Originally posted by havana19
Directors left the building a few months ago right before the much anticipated results. The crowning jewel for this diagnostic app was pneumonia, and that had poor results. There's some support at these prices but obviously if the next results are poor then people will hive up hope. I don't discount the possibility of some positive results being announced such as those from Curtin and further increases in SP but when the results come in from the tests that hold the most weight it will be history repeating itself. This app has had ample chances it's 8 years in the making and 2 us trial failures. Directors sold their shares. This stock hardly justifies a 10million market cap with such poor prospects. Fil will have no patience left if the next results come in less than hoped for and if they start selling en mass this thing goes down the cliff. Ignored right back, it's people's decision what they invest in. The attacks that these professional rampers put on anyone with a different view should serve the mum and dad investors here as a huge red flag.
"The crowning jewel for this diagnostic app was pneumonia" - kind of agreed. The other conditions have been added subsequently to the portfolio. Pneumonia remains the Holy Grail in terms of relieving human misery across vast areas of the world. But in terms of commercial advantage in the developed world it's probably a nice-to-have rather than make-or-break.
"and that had poor results" - again, kind of agreed. The US results were weaker for all conditions (except croup, which we haven't seen yet), and pneumonia was certainly shocking. But the reasons for this have been hashed into a paste so fine you could suck it through a straw, and it's almost certainly due to the adjudication method rather than the product.

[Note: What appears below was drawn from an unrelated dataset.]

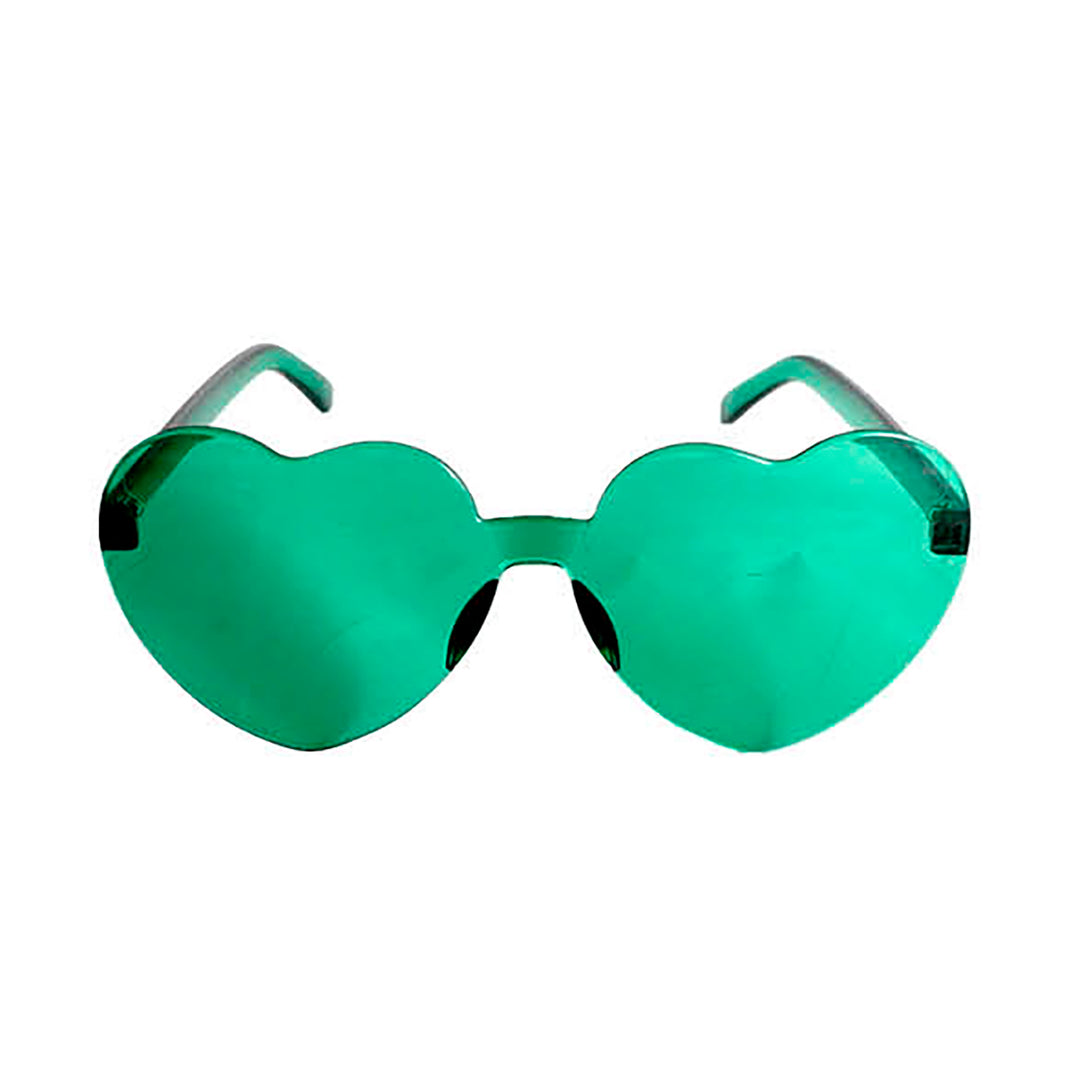 Party Glasses Perspex Hearts - Green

Australian adjudication used multiple tests, which results in more predictable diagnoses than US adjudication using primarily X-rays. The algorithm is better at predicting the more predictable outcomes... naturally.

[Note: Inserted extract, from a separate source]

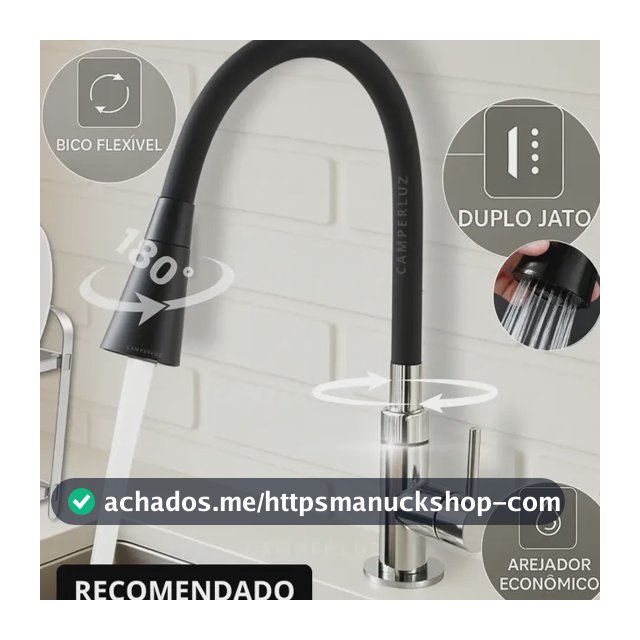 Torneira Gourmet Luxo Flexível Cozinha Bancada 2 Jatos Pia Cor Preto - Marca Camperluz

I bailed as soon as I could after trading resumed following the results; not because it meant that that the product was a failure, but because it was pretty clear that demonstrating the product's effectiveness in the US would be terribly difficult.
"Directors left the building a few months ago right before the much anticipated results" - not accepted. I can't see any evidence that would support this conclusion. Resapp have not published any "Director's Interest" notices since 2017. Brian Leedman resigned as a director in December 2017 with over 40 million shares, which makes him a substantial holder. There has been no subsequent change in substantial holding for him, so he can't have sold more than 7 million shares since then. What evidence do you have for your claim?